Sunday, 27 November 2016

Playing with reactive streams with akka

Recently I'm learning Akka streaming for fun. Streams are basically Collections of data/events with unknown ending. So stream programming is useful if I want to process huge data set which will keep producing events over time. And, whenever I see any new event on the stream I will do the further processing on that event.
For example, the streams of online orders on any retail store. Customers will keep ordering, its a stream and once the store person sees the new order he looks for the items ordered and and picks them up.
Once he gathers all the items for one order, sends to other guy who will pack them into a box and tell other guy to put label on them. Which means there is stream of(orders ready to pack) and then there's stream of(orders ready to be labelled and shipped).
Finally all the labelled orders are put on the truck. So the truck or trailer is the final Sink here.
To visualize it,
online orders -> pick items -> pack order -> put label -> trailer -> | Done
Let's achieve it using akka streaming,
First, I will define the Order states,
case class Order(val itemName: String, val quantity: Int, val at: Date)
case class Picked(val itemName: String, val quantity: Int, val at: Date)
case class Packed(val itemName: String, val quantity: Int, val at: Date)
case class Labelled(val itemName: String, val quantity: Int, val at: Date)

Stream Source

Source is the Collection of elements which it keeps publishing/emitting.
scala> import akka.stream.scaladsl.{Source, Sink}

scala> val customerOrdersStream = Source(List(Order("DN black shirt - Triangle", 1, new Date()),
     |       Order("DN white shirt - classic", 2, new Date()),
     |       Order("DN red shirt - memento mori", 3, new Date())))
customerOrdersStream: akka.stream.scaladsl.Source[Order,akka.NotUsed] =
Source(SourceShape(StatefulMapConcat.out), CompositeModule [6611a9b6]
  Name: iterableSource
  Modules:
    (singleSource) GraphStage(SingleSource(List(Order(DN black shirt - Triangle,1,Sun Nov 27 13:05:38 PST 2016), Order(DN white shirt - classic,2,Sun Nov 27 13:05:38 PST 2016), Order(DN red shirt - memento mori,3,Sun Nov 27 13:05:38 PST 2016)))) [415e4363]
    (unnamed) [2cc00ee7] copy of GraphStage(StatefulMapConcat) [3b270282]
  Downstreams:
    single.out -> StatefulMapConcat.in
  Upstreams:
    StatefulMapConcat.in -> single.out
  MatValue: Atomic(singleSource[415e4363]))
Once Source is defined, I need to define the processing steps it has to go through, which are in this example pickingpackinglabelling.
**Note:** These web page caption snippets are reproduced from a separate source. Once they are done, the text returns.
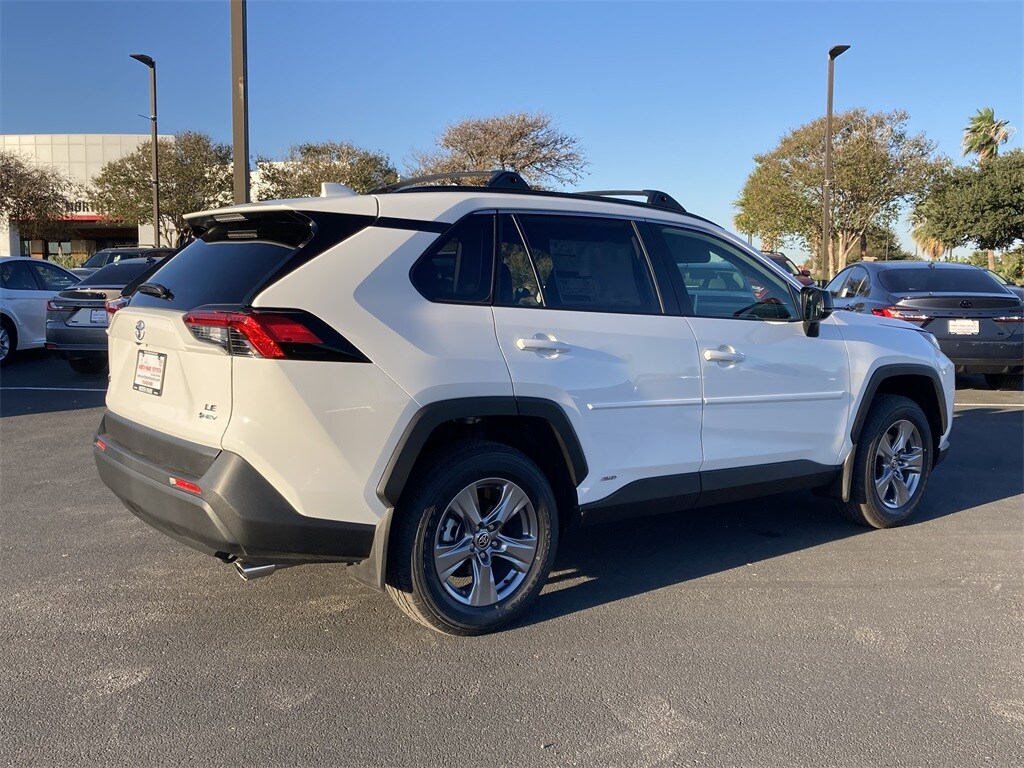 2025 Toyota RAV4 Hybrid LE photo 4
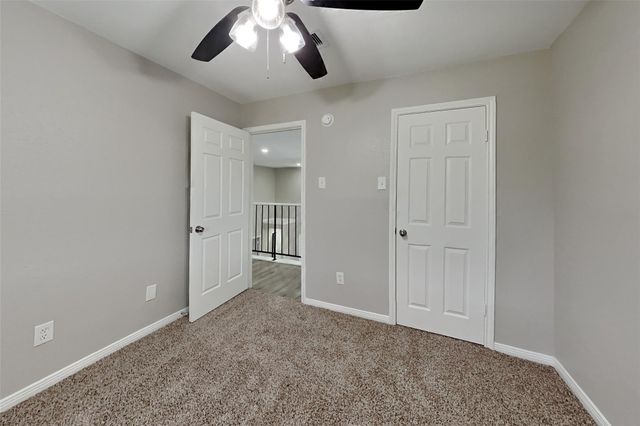 8718 Pines Place Drive, Humble, TX 77346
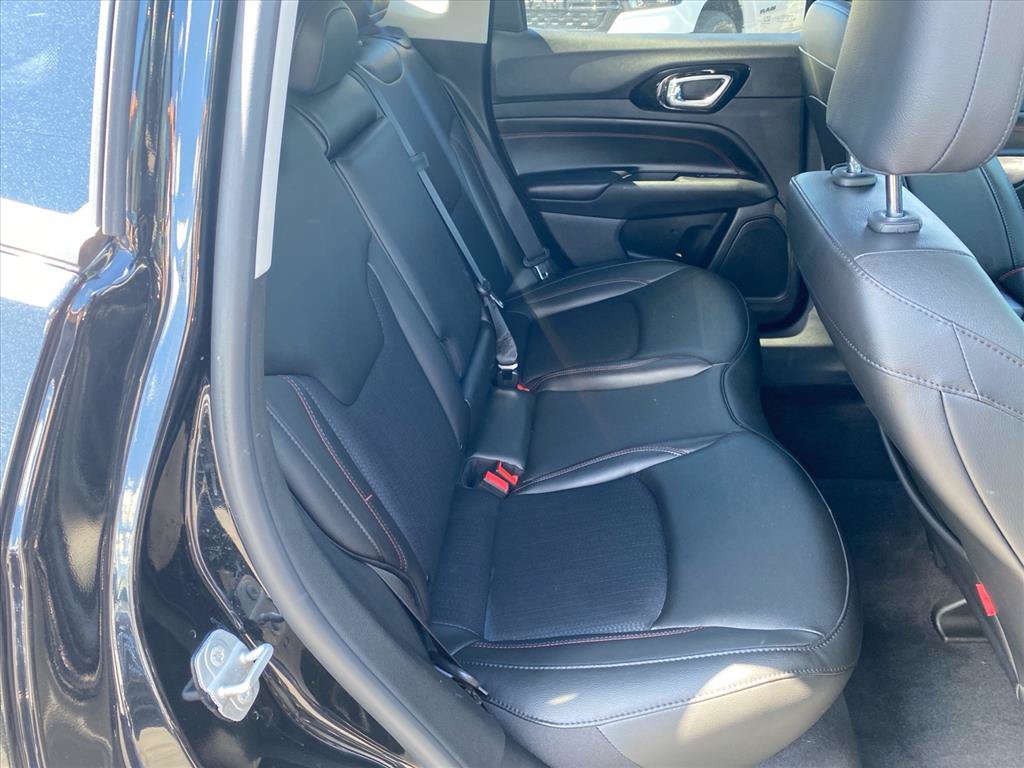 Used 2022 Jeep Compass Trailhawk w/ Trailhawk Convenience Group AWD/4WD image 25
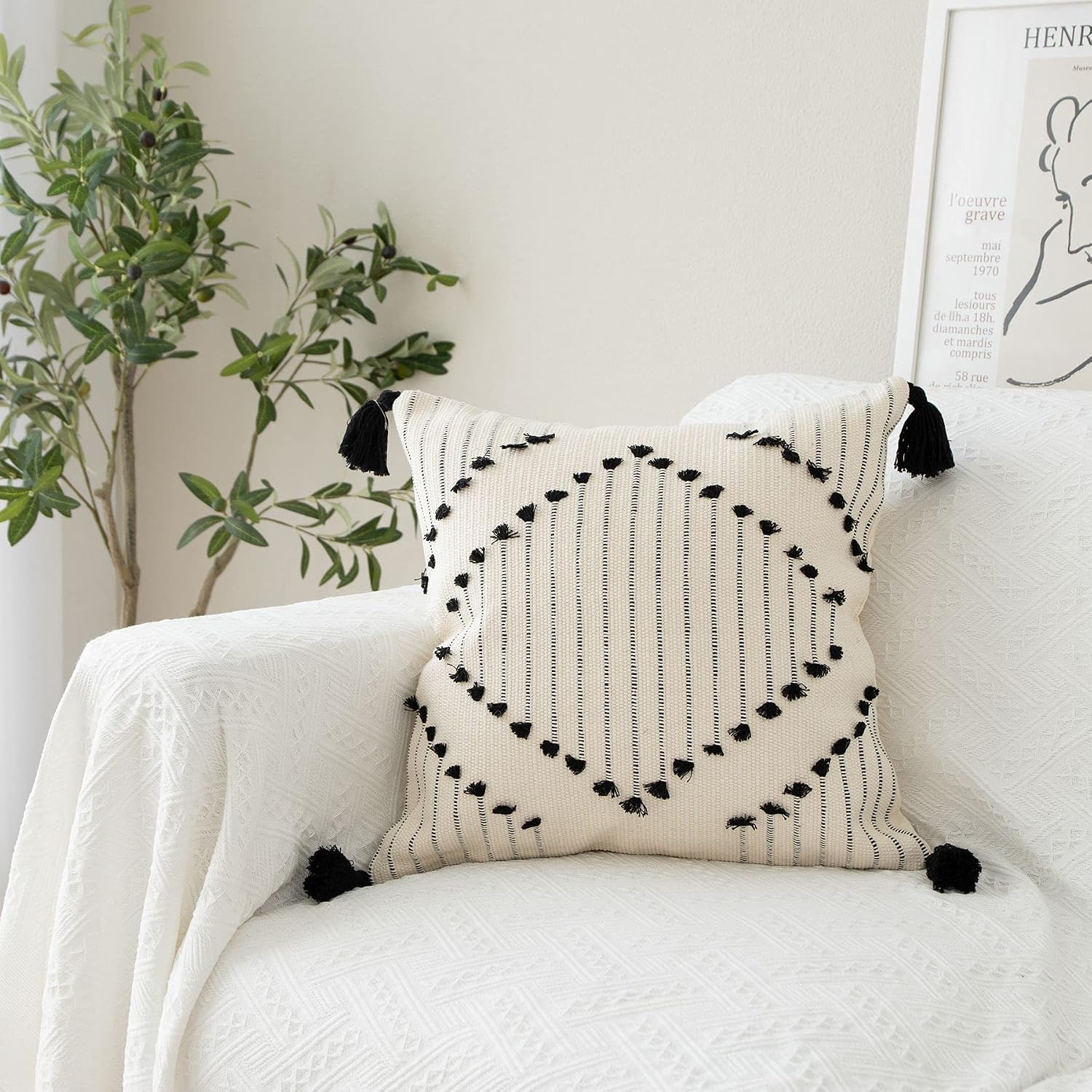 Black and White Tassel Diamond Woven Pillowcase 18x18 Decorative Image 2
And these are known as Flows.

Stream Flows

    val picking : Flow[Order, Picked, NotUsed] = Flow[Order].map(order => {
      println(s"\npicking ${order.itemName}")
      Picked(order.itemName, order.quantity, new Date())
    })

    val packing : Flow[Picked, Packed, NotUsed] = Flow[Picked].map(picked => {
      println(s"packing ${picked.itemName}")
      Packed(picked.itemName, picked.quantity, new Date())
    })

    val labelling : Flow[Packed, Labelled, NotUsed] = Flow[Packed].map(packed => {
      println(s"labelling ${packed.itemName}")
      Shipped(packed.itemName, packed.quantity, new Date())
    })
Then, once all the steps are completed, I will send those customer orders to the trailer which will deliver the orders, so trailer is Sink here.

Stream Sink

Sink is a final destination of the items or events flowing through the stream.
    val trailer: Sink[Labelled, Future[Done]] = Sink.foreach(order => println(order.itemName + " is in the trailer, on the way to Customer."))
Finally once all the steps are defined individually, I need to assemble those into one pipeline, which is called RunnableFlow.
    val ordersFlow = customerOrdersStream
      .via(picking)
      .via(packing)
      .via(labelling)
      .to(trailer)

Materializer config

I need to define the ActorSystem and ActorMaterializer which materializes the Flows defined above into reactive Processors.
scala> import akka.actor.ActorSystem
import akka.actor.ActorSystem

scala> implicit val actorSystem = ActorSystem("orders-streaming")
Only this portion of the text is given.